→ **Exercise description**:
A single number is the answer: how many lines of the data hold "Round"?

START Records supplied

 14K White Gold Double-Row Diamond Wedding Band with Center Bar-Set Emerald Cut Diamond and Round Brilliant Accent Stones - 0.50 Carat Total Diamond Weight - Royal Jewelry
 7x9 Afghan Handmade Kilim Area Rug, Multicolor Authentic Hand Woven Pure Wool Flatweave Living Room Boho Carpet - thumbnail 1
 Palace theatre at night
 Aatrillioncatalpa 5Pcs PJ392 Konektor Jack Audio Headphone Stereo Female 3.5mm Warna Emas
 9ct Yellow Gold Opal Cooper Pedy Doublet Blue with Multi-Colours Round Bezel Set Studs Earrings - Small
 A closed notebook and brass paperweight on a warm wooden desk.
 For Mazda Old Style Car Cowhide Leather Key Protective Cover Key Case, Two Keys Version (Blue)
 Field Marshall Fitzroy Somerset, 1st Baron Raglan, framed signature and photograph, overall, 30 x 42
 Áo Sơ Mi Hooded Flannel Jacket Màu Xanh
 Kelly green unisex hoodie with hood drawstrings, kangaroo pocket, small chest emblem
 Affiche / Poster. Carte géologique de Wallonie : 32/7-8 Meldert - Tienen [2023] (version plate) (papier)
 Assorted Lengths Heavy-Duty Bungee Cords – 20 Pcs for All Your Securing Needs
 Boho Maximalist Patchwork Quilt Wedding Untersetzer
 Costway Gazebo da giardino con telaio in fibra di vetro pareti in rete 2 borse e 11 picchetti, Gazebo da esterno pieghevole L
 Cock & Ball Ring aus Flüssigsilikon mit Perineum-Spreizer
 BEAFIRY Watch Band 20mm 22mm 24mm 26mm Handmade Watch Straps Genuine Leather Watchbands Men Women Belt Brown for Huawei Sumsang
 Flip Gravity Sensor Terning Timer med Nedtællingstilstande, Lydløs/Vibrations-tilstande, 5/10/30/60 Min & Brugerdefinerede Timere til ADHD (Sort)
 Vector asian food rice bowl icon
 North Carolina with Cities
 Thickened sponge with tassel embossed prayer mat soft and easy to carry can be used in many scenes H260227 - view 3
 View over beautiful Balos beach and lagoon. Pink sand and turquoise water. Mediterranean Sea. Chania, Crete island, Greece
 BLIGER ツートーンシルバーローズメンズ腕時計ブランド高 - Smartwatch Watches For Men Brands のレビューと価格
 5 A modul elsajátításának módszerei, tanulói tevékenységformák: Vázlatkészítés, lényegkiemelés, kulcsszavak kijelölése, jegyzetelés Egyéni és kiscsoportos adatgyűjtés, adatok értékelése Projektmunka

END Records supplied

→ **Exercise solution**:
2